What you should do –
Each line from the one with "Descente Ski Jacket [2 styles]" through the end of the records below should be transcribed exactly, and each picture should be skipped.
Data section Block Start
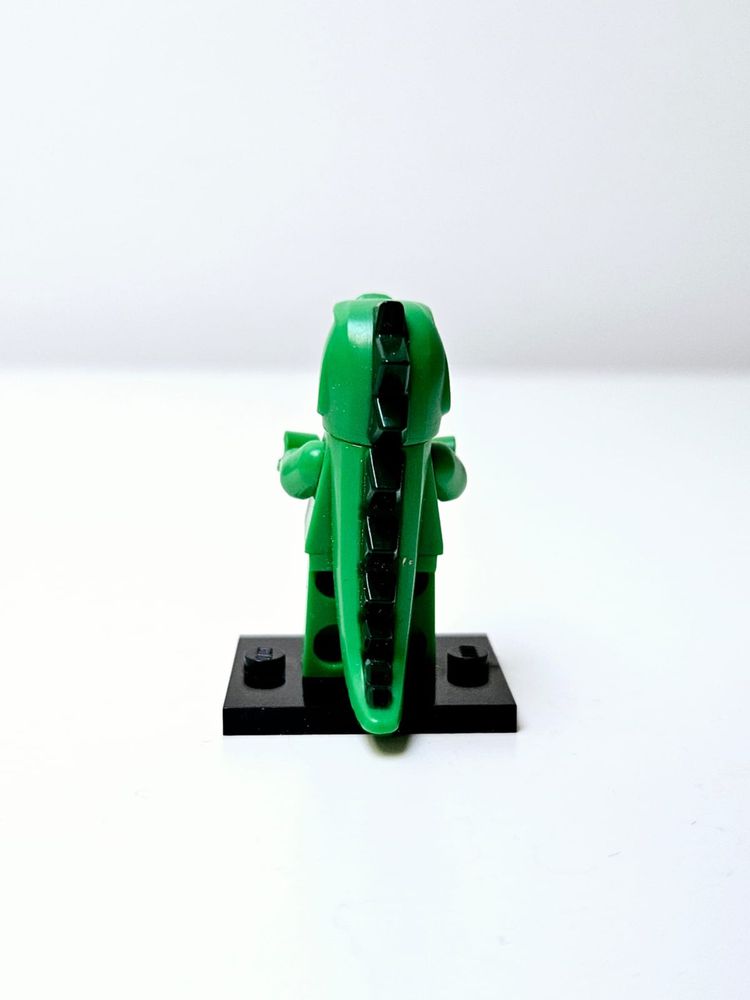 Lego Minifigures Collesction Series 5 8805 - 6 - Lizard Man (2011)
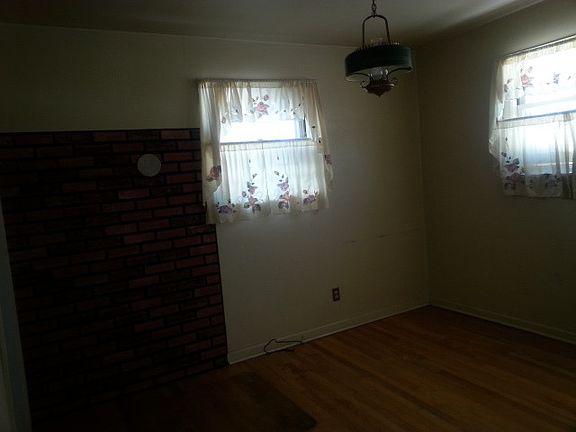 5th image of 1364 Kenilworth Dr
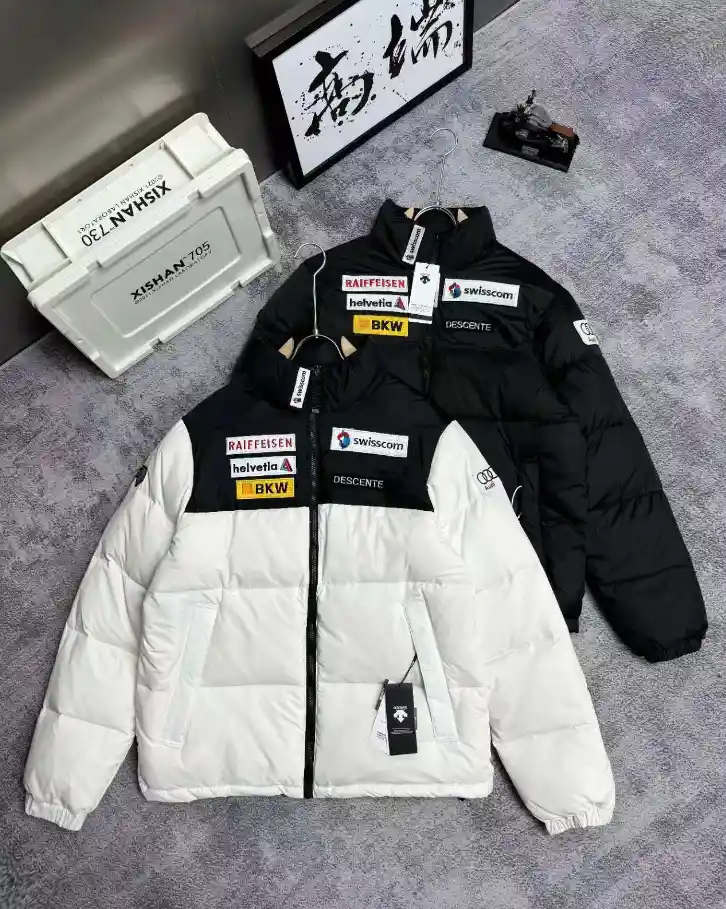 Descente Ski Jacket [2 styles]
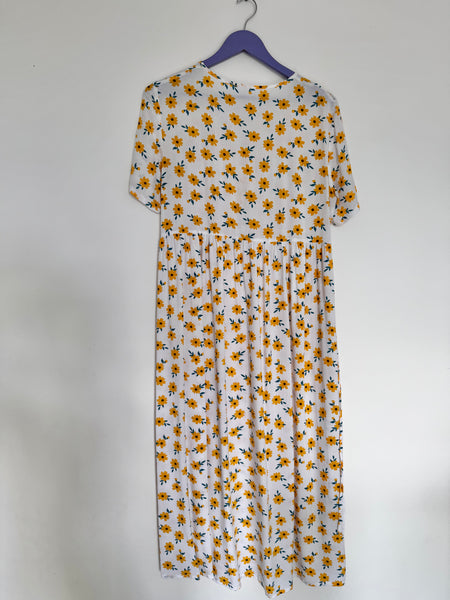 White sunflower dress - Size Medium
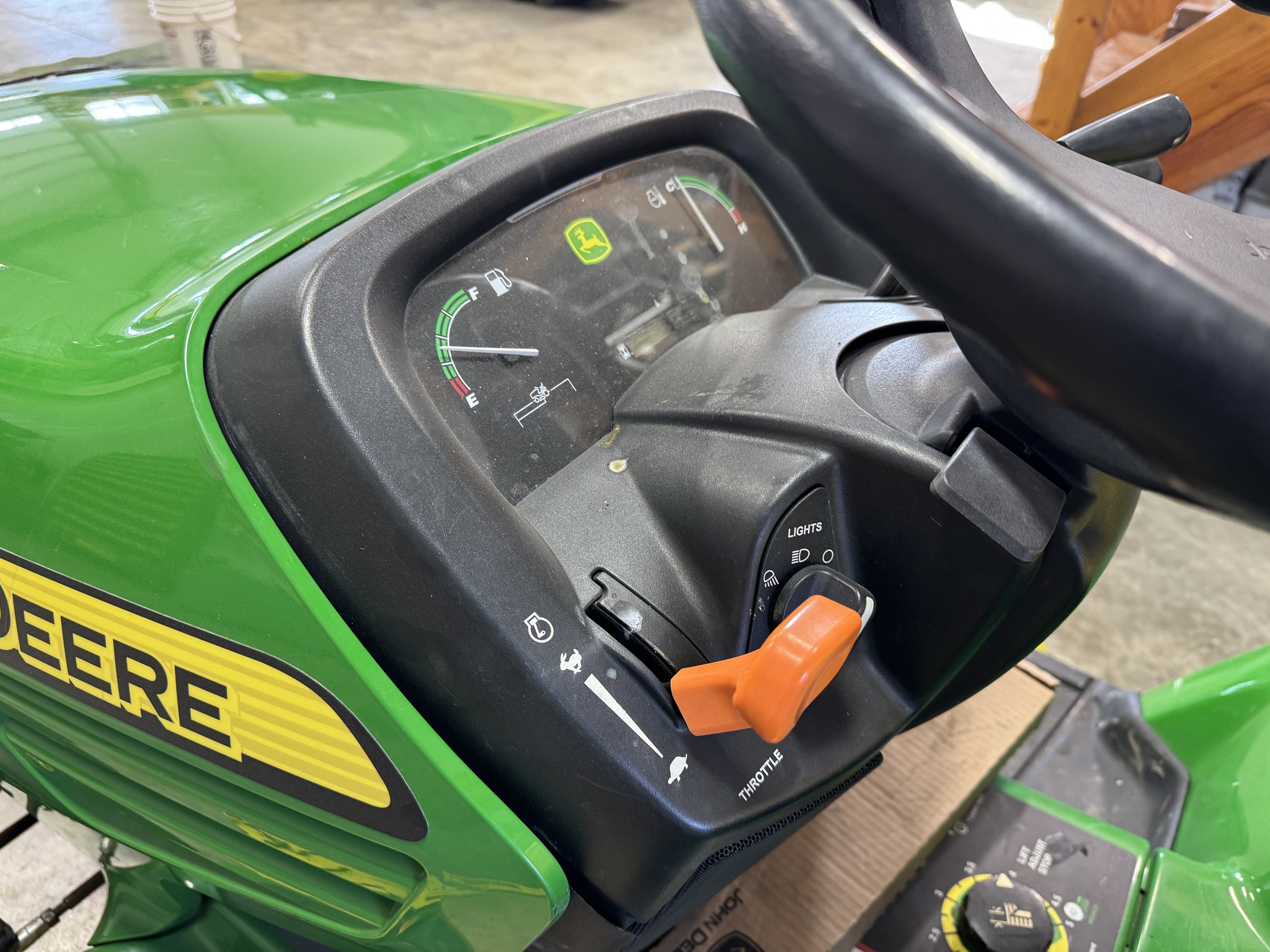 2009 John Deere X720 Image 20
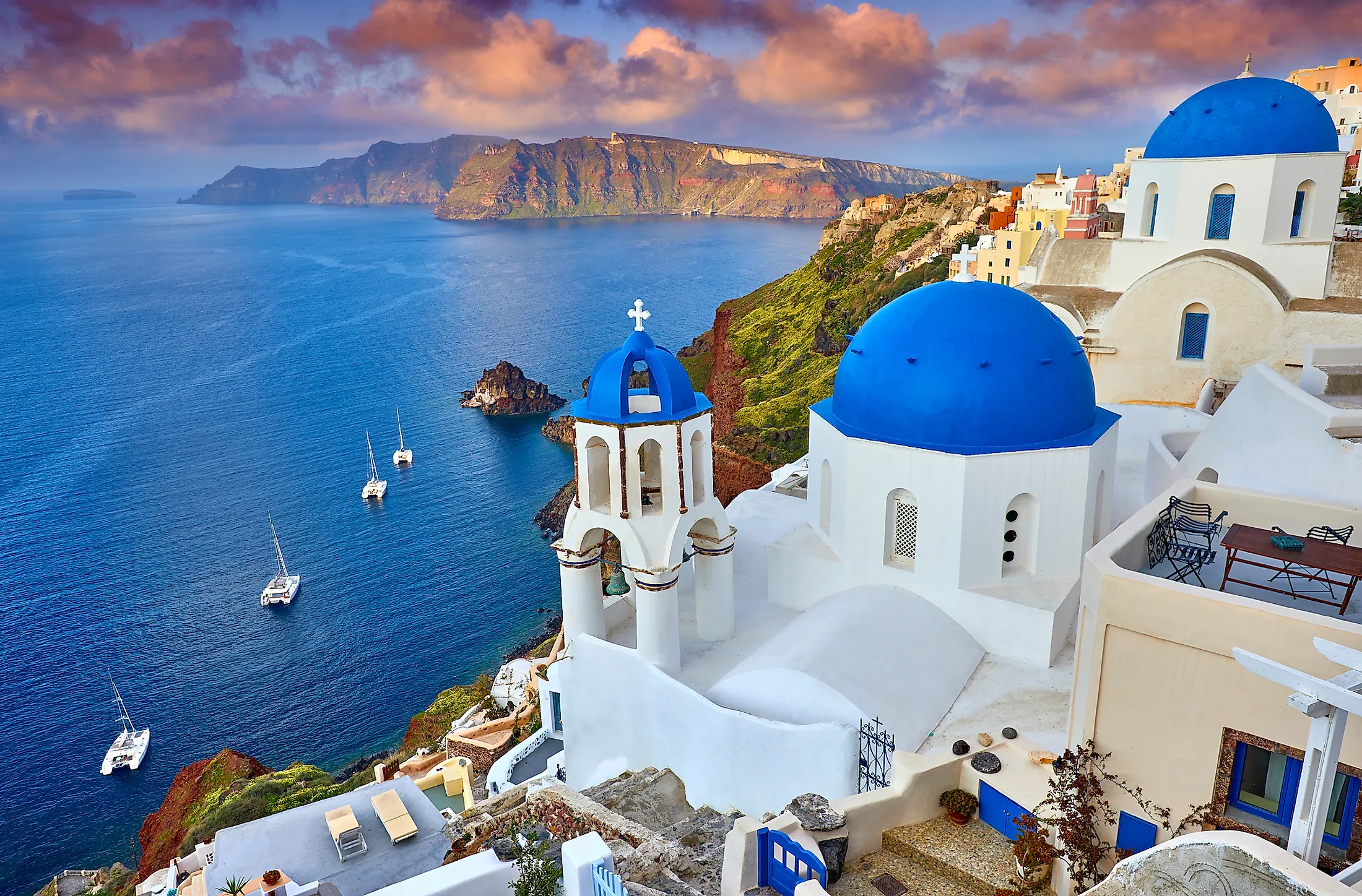 Greece issues Santorini seismic activity warning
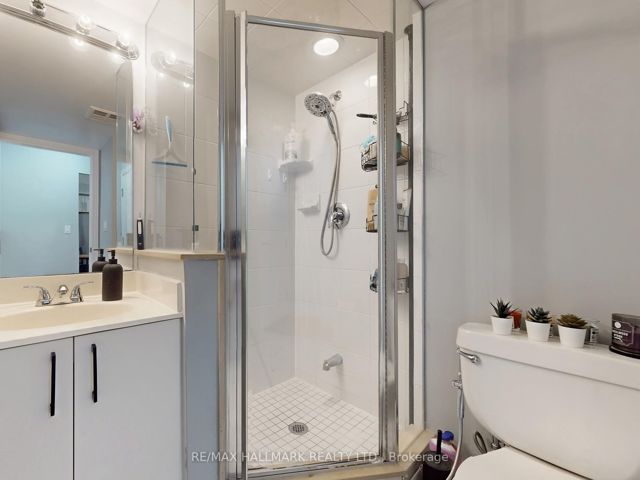 617 - 5418 Yonge St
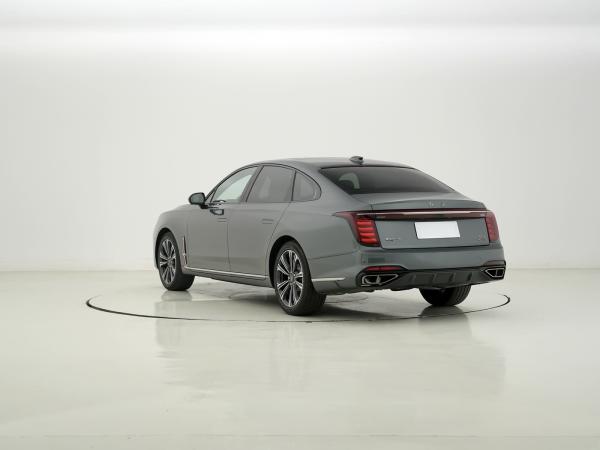 252 Horsepower 2.0t H9 Hongqi Chinese Car Fuel Saving Business Space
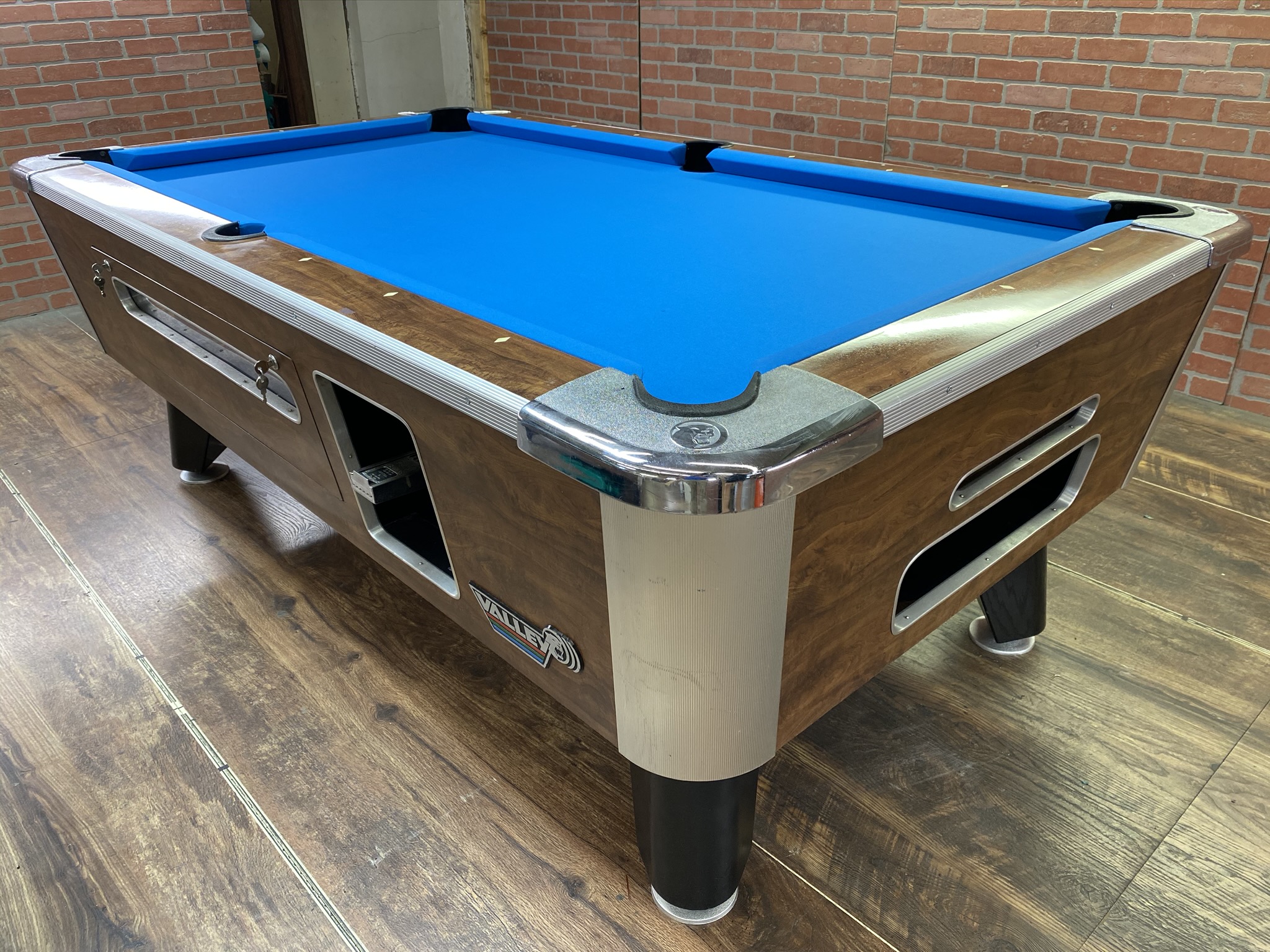 6 1/2 Valley Light Walnut Used Coin Operated Pool Table Used Coin Operated Bar Pool Tables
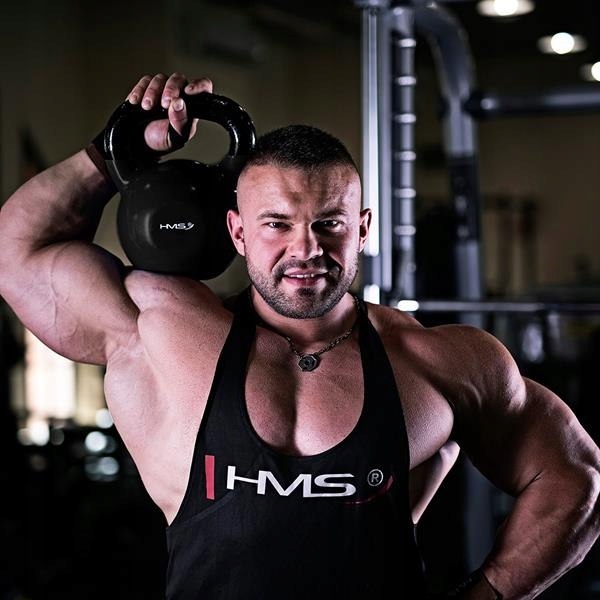 KNV10 BLACK KETTLEBELL ŻELIWNY POKRYTY WINYLEM HMS Rodzaj winylowe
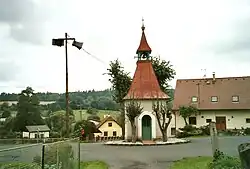 Kaplička na návsi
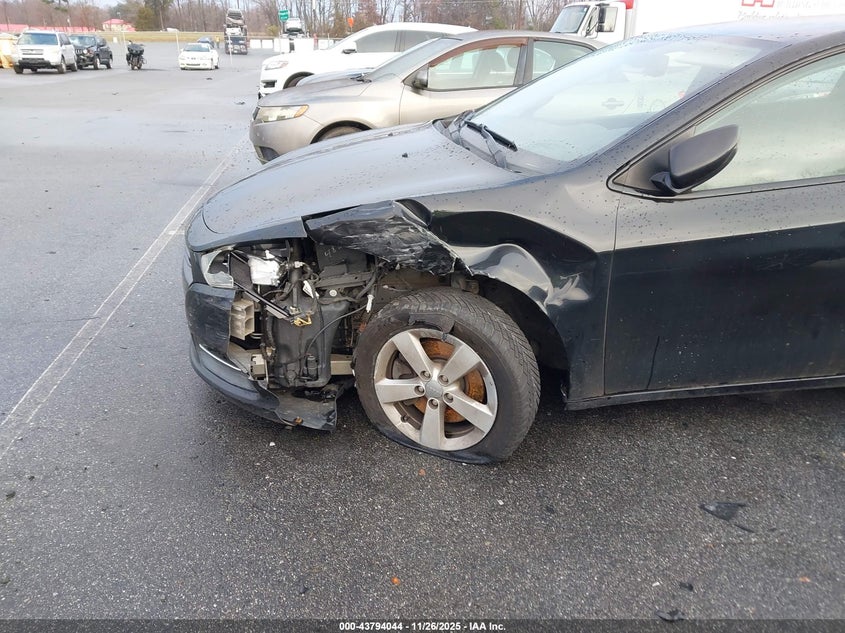 2015 Dodge Dart Sxt VIN: 1C3CDFBB6FD420922 Lot: 43794044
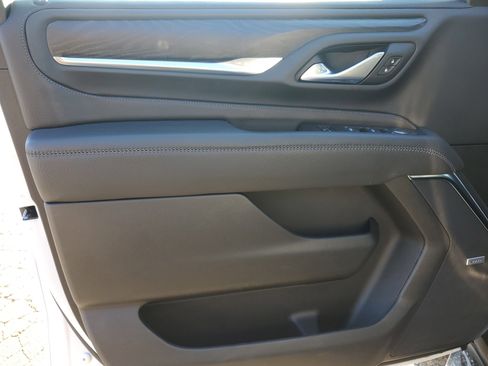 Used 2024 GMC Yukon XL Denali image 17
Data section Block End
Reply to the exercise –
 Descente Ski Jacket [2 styles]
 White sunflower dress - Size Medium
 2009 John Deere X720 Image 20
 Greece issues Santorini seismic activity warning
 617 - 5418 Yonge St
 252 Horsepower 2.0t H9 Hongqi Chinese Car Fuel Saving Business Space
 6 1/2 Valley Light Walnut Used Coin Operated Pool Table Used Coin Operated Bar Pool Tables
 KNV10 BLACK KETTLEBELL ŻELIWNY POKRYTY WINYLEM HMS Rodzaj winylowe
 Kaplička na návsi
 2015 Dodge Dart Sxt VIN: 1C3CDFBB6FD420922 Lot: 43794044
 Used 2024 GMC Yukon XL Denali image 17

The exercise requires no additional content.